And as they went to tell his disciples - This clause is wanting in the Codex Vatican, and Codex Bezae, and in twenty others, and in most of the versions. The omission is approved by Mill, Bengel, and Schmid. Griesbach leaves it in the text with a note of doubtfulness. It appears to be superfluous. To connect this with the next clause, the particle και, and, is obliged to be suppressed in all the translations. I think the verse should begin with, And behold he goeth, etc., and the former clause be suppressed. Probabiliter delenda, says Professor White, in his Crisews Griesbachianae, speaking of the preceding words.

Jesus met them - Christ bestows his graces and consolations by degrees, first by his angels, and then by himself. He does not reveal himself to incredulous and disobedient souls; he appears not even to these women till he has tried their faith and obedience by his ministering angels.

All hail - Anglo-Saxon, Health be to you! Χαιρετε, Be ye safe, rejoice.

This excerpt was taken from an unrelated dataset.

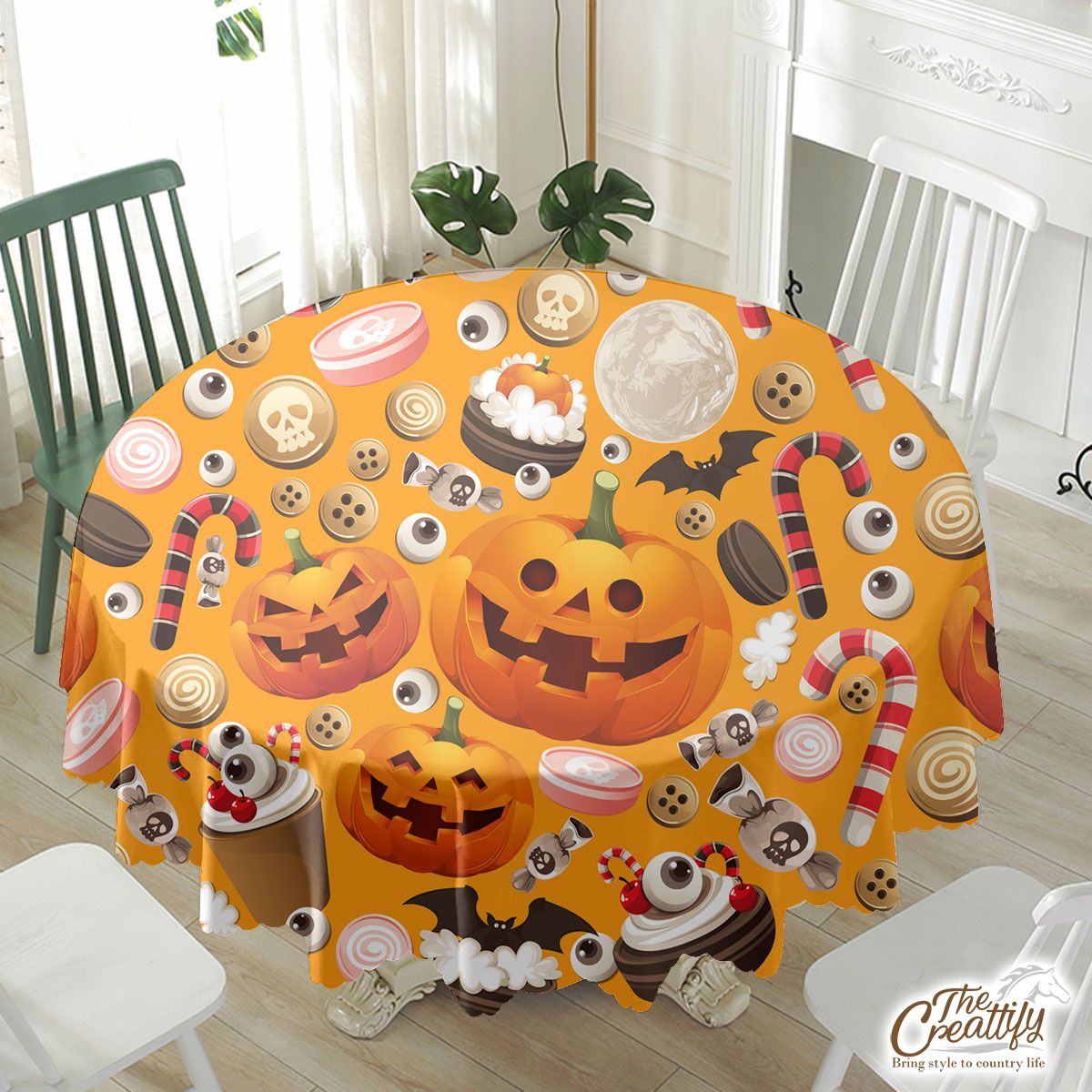 Halloween Party Food On Orange Background Waterproof Tablecloth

And they held him by the feet, and worshipped him - This kind of reverence is in daily use among the Hindoos: when a disciple meets his religious guide in the public streets, he prostrates himself before him, and, taking the dust from his teacher's feet, rubs it on his forehead, breast, etc. See Ward's Customs.

Albert Barnes
Notes on the Whole Bible

And as they went … Jesus met them - This was when they left the sepulchre the “second” time. Jesus first appeared to Mary Magdalene when alone, John 20:14. “Afterward” he appeared to the other women, as related by Matthew. See the accounts of the resurrection harmonized at the end of this chapter.

All hail - This is a term of salutation. The word all has been supplied by the translators. It is not in the original. The meaning of the word “hail,” here, is rejoice;” a term of salutation connected with the idea of joy at his resurrection, and at meeting them again.

Held him by the feet - Or threw themselves prostrate before him. This was the usual posture of supplication. See 2 Kings 4:37. It does not mean that they took hold of his feet, but only that they cast themselves down before him.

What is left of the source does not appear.